MATERIAL PROVIDED —
* * *

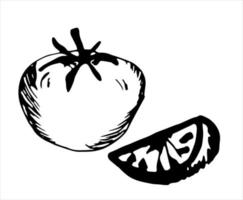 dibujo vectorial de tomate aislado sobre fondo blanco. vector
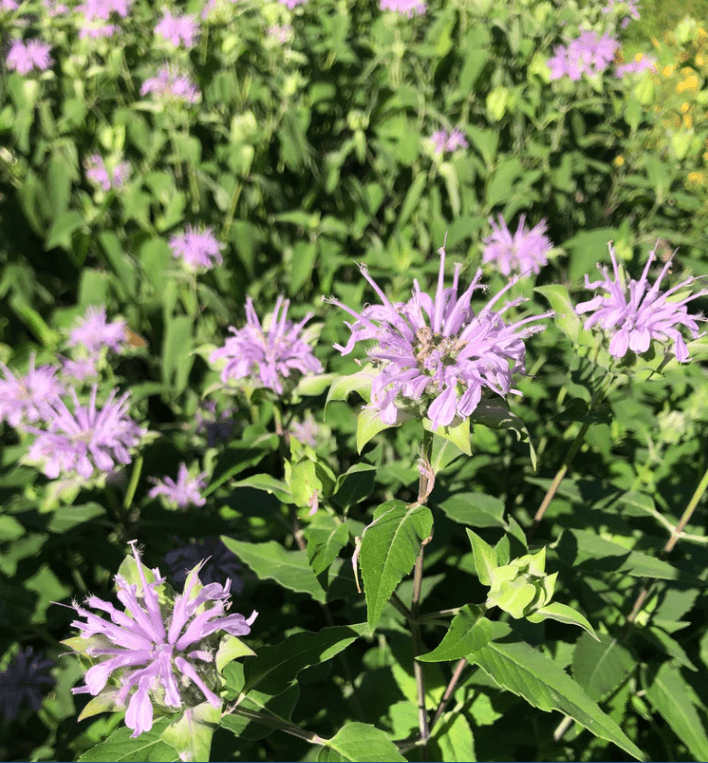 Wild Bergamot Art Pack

* * *

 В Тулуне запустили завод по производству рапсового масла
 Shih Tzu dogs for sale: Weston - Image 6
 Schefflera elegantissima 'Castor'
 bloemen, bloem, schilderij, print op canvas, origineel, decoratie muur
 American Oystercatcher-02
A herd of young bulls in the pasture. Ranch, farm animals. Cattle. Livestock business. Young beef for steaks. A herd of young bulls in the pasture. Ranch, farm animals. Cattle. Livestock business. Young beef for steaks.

* * *

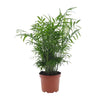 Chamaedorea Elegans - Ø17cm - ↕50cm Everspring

* * *

PROBLEM TO WORK ON —
Using only the listing above, restate exactly the lines from the line containing "Schefflera elegantissima 'Castor'" through the line containing "for steaks. A", both included.

TASK RESPONSE —
 Schefflera elegantissima 'Castor'
 bloemen, bloem, schilderij, print op canvas, origineel, decoratie muur
 American Oystercatcher-02
A herd of young bulls in the pasture. Ranch, farm animals. Cattle. Livestock business. Young beef for steaks. A herd of young bulls in the pasture. Ranch, farm animals. Cattle. Livestock business. Young beef for steaks.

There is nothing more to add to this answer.